The result of this operation is a rotation matrix and a translation vector that represent the transformation from the picture with inliers1 and the picture with inliers2. It is important to note, however, that the scale of that transformation is unknown. Without any additional knowledge, the cameras could be far away, observing a huge landscape, or close together and observing a miniature one. The rotation matrix stays the same in both scenarios but the translation vector length would change. For this reason, OpenCV just returns a unit-length translation vector here, and lets the developer scale it accordingly.

In the video above, you can see pictures from the publicly available Tsukuba Stereo Dataset. This dataset is ideal for demonstrating this structure-from-motion approach because it is completely synthetic. In a real-world scenario, the scaling factor has to be determined by using fixed markers in the scenery with known positions. In this dataset, however, the camera parameters (the camera matrix as well as the actual camera pose) are known and can be used to scale the translation vectors.

double scale = cv::norm(groundtruth.translation());
translation *= scale;

Doing this with all the frames that were shown in the video above, the resulting path looks like this:

The white line shows the actual trajectory while the red line represents the recovered poses (scaled with the ground truth translations). This result was obtained using the method above on the first 90 frames of the dataset. The 3D coordinate system shows the position of the first frame and has axes that are 10cm long.

Bundle Adjustment

The results are not really accurate and get worse, the further the matched camera views are apart from each other. This is the result of numerical inaccuracies and inaccurate key point positions. Instead of just estimating the transformations from the first frame to each of the subsequent frames, the whole data set could be viewed as a global optimization problem. Key points that were used in the first image pair are probably also visible in subsequent frames. By estimating the 3D location of those points and optimizing the camera poses of all views, the results can be improved significantly:

  • \(\frac{1}{2} \sum_i \sum_j | z_{ij} - h(T_i, p_j) |^2\)

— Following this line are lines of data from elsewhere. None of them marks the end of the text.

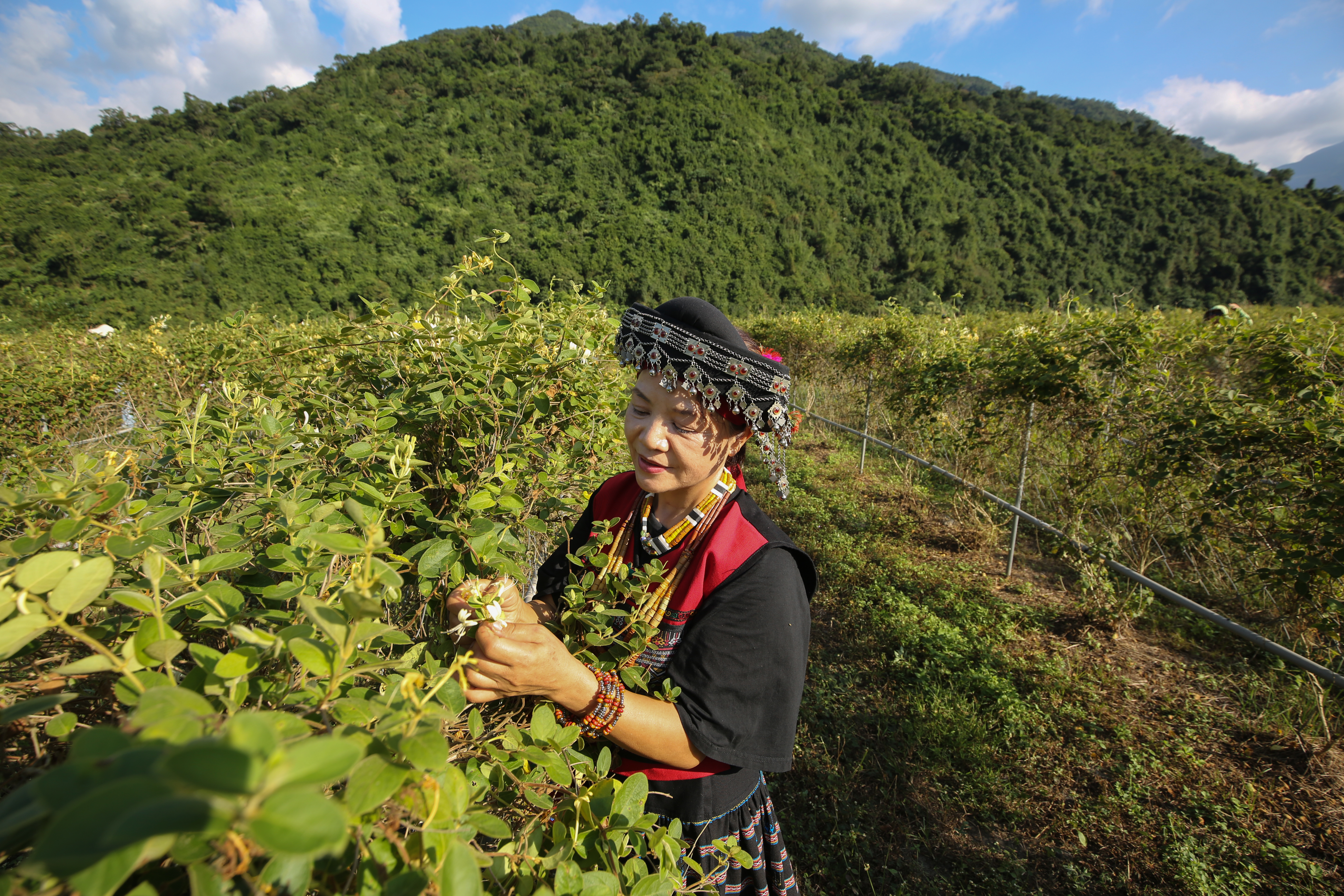 宋麗娟因緣分牽引，來到古樓部落，在大山裡開闢「嘉後休閒農園」。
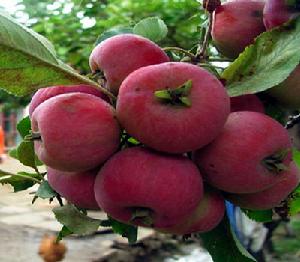 通古斯巴什古城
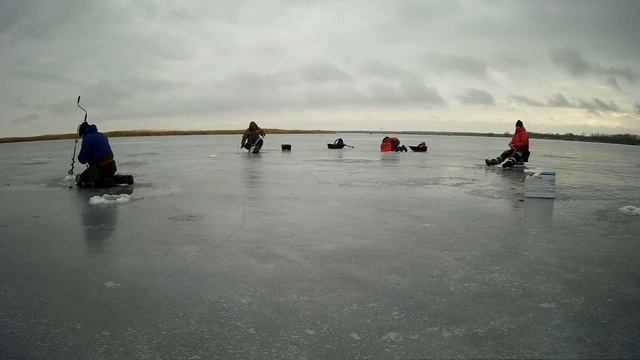 Чемпионат Ростова-на-Дону по ловле на мормышку 2019 смотреть онлайн
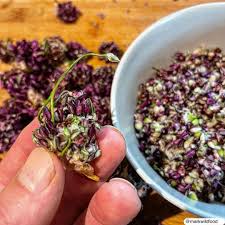 Attēlu rezultāti vaicājumam “Allium scorodoprasum fruit”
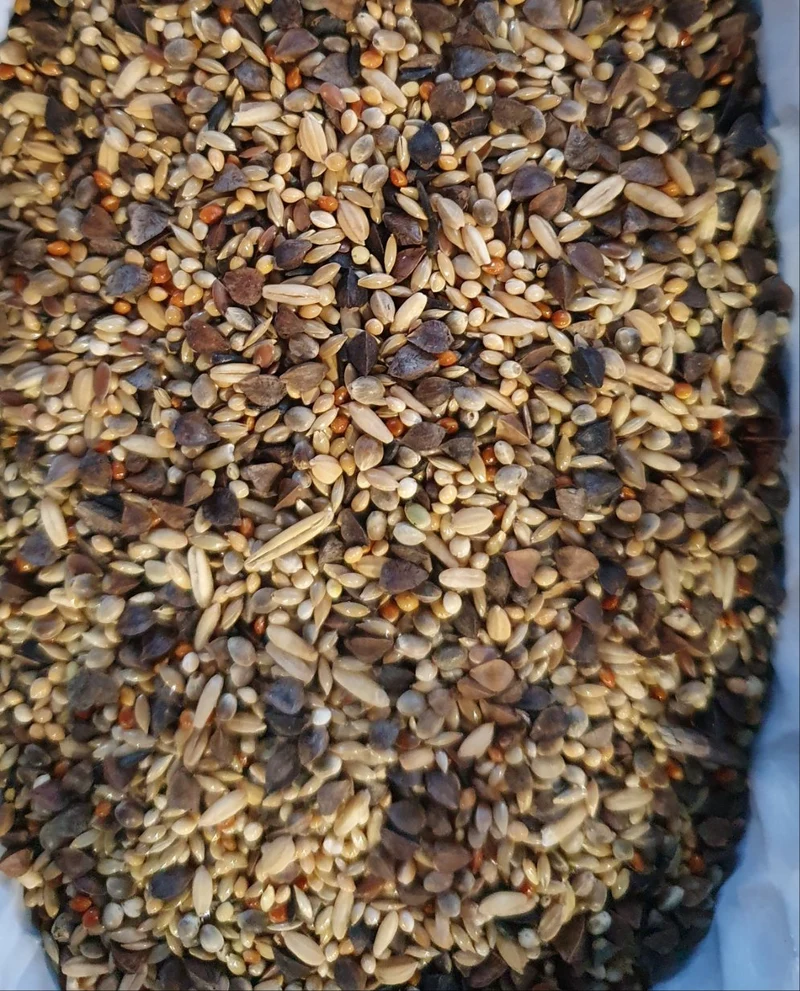 Deli Nature 71 Premium Agapornis 5kg (auto-emballé)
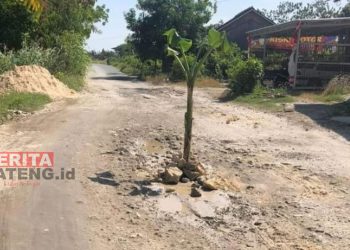 Jalan rusak Sukolilo-Prawoto ditanami warga pohon pisang. (Arif Febriyanto/Beritajateng.id)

This formula describes this problem as least squares optimization. The idea is to iterate over all images (index \(i\)) and all 3D points \(p_j\) and optimize the camera poses \(T_i\) such that the reprojected image points \(h(T_i, p_j)\) and the actually observed image points \(z_{ij}\) are as close as possible. OpenCV offers a structure-from-motion module that allows developers to do such an optimization using the function cv::sfm::reconstruct(). Unfortunately, it is not considered to be a core functionality and is still in early development. For this reason, it usually isn't included by default which means that OpenCV has to be compiled manually to be able to use it.

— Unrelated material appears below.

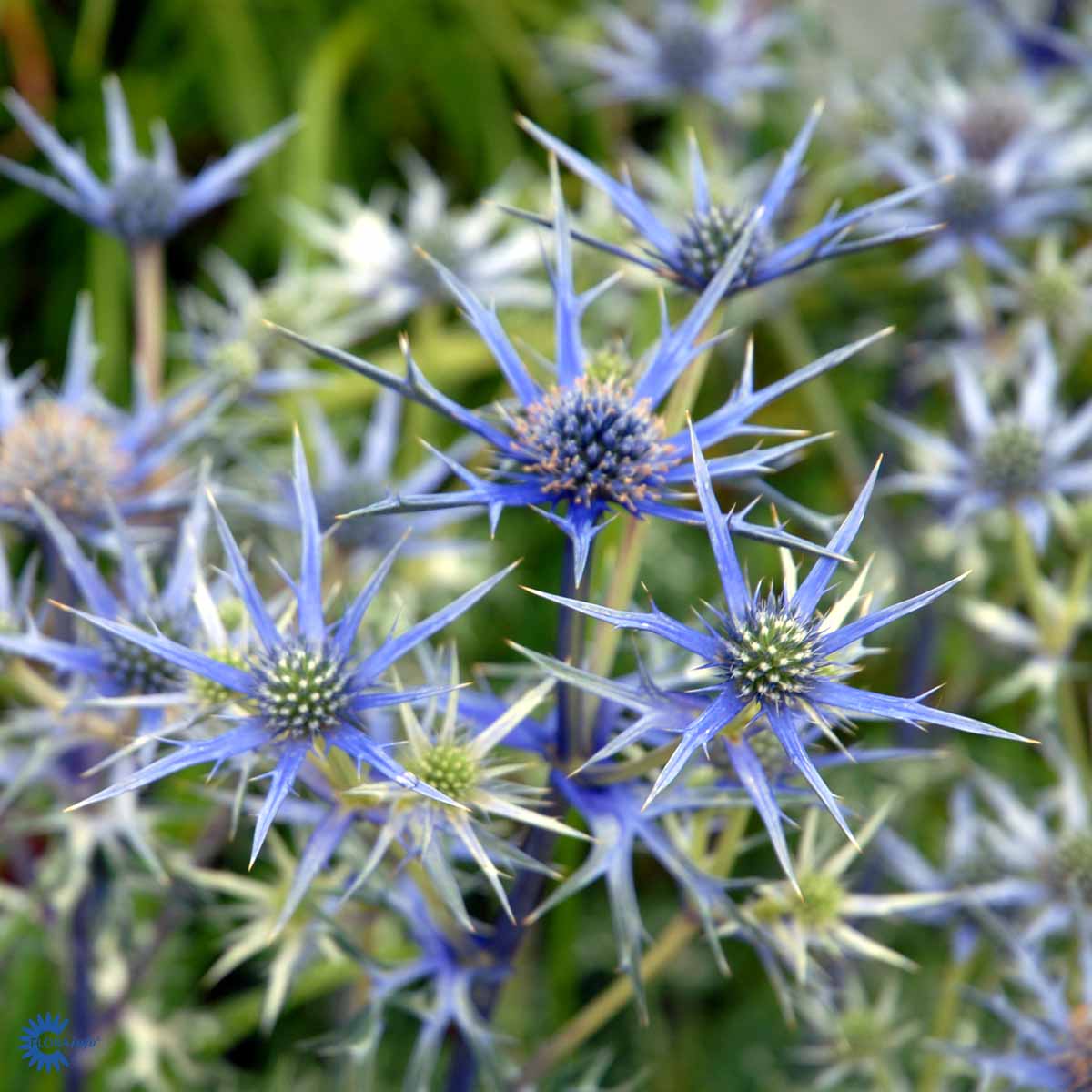 Bilde av Eryngium bourgatii 'Picos Amethyst'-Spanne Plantesalg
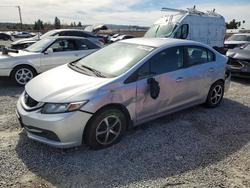 Honda Civic salvage cars for sale: 2015 Honda Civic se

A more reasonable approach would be, to choose dedicated frameworks for that task. The least squares problem could be formulated manually using an optimization framework like Ceres. Alternatively, a specialized framework like OpenMVG can be used to do all the structure-from-motion steps internally. There are also freely available software solutions with User-interfaces that can do bundle adjustments for a specified set of pictures. The most popular free ones seem to be COLMAP and Meshroom. In the screenshot below, you can see the results that can be achieved on the same data set with COLMAP without any parameter tuning.

In this screenshot, you can not only see an improved camera trajectory (the red markers) but also all the key points in 3D space that were used for the adjustment process. With parameter tuning and additional pictures, the result can be improved even further which highlights the advantage of the global optimization approach.